Adversarial attacks can readily disrupt the image classification system, revealing the vulnerability of DNN-based recognition tasks. While existing adversarial perturbations are primarily applied to uncompressed images or compressed images by the traditional image compression method, i.e., JPEG, limited studies have investigated the robustness of models for image classification in the context of DNN-based image compression. With the rapid evolution of advanced image compression, DNN-based learned image compression has emerged as the promising approach for transmitting images in many security-critical applications, such as cloud-based face recognition and autonomous driving, due to its superior performance over traditional compression.
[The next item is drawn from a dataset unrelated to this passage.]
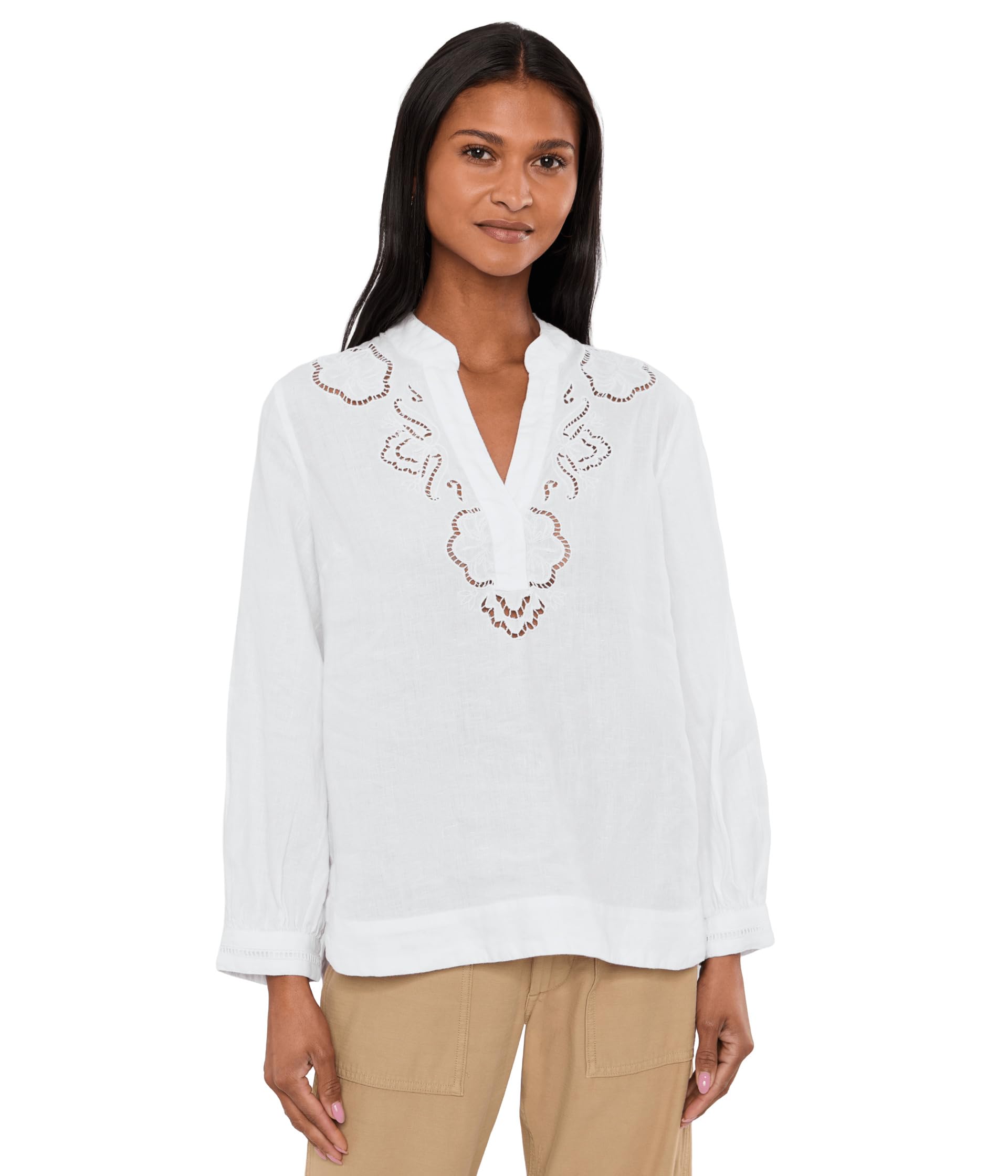 Женский топ Floral Eyelet Coastalina 3/4 Sleeve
Therefore, there is a pressing need to fully investigate the robustness of a classification system post-processed by learned image compression. To bridge this research gap, we explore the adversarial attack on a new pipeline that targets image classification models that utilize learned image compressors as pre-processing modules. Furthermore, to enhance the transferability of perturbations across various quality levels and architectures of learned image compression models, we introduce a saliency score-based sampling method to enable the fast generation of transferable perturbation. Extensive experiments with popular attack methods demonstrate the enhanced transferability of our proposed method when attacking images that have been post-processed with different learned image compression models.

翻译：对抗攻击可轻易破坏图像分类系统，揭示基于深度神经网络（DNN）识别任务的脆弱性。现有对抗扰动主要应用于未经压缩的图像，或经传统图像压缩方法（如JPEG）处理后的图像，但针对DNN图像压缩场景下图像分类模型鲁棒性的研究尚属有限。随着先进图像压缩技术的快速发展，基于深度学习的可学习图像压缩因其优于传统压缩的性能，已广泛应用于云端人脸识别、自动驾驶等安全关键型应用的图像传输场景。因此，迫切需要全面探究经可学习图像压缩后处理分类系统的鲁棒性。为填补这一研究空白，我们探索了一种新型攻击范式，针对以可学习图像压缩器为预处理模块的图像分类模型实施对抗攻击。此外，为增强扰动在不同质量等级与架构的可学习图像压缩模型间的可迁移性，我们提出了一种基于显著性分数采样的方法，实现可迁移扰动的快速生成。采用主流攻击方法的大量实验表明，当攻击经不同可学习图像压缩模型后处理的图像时，我们所提方法具有显著增强的可迁移性。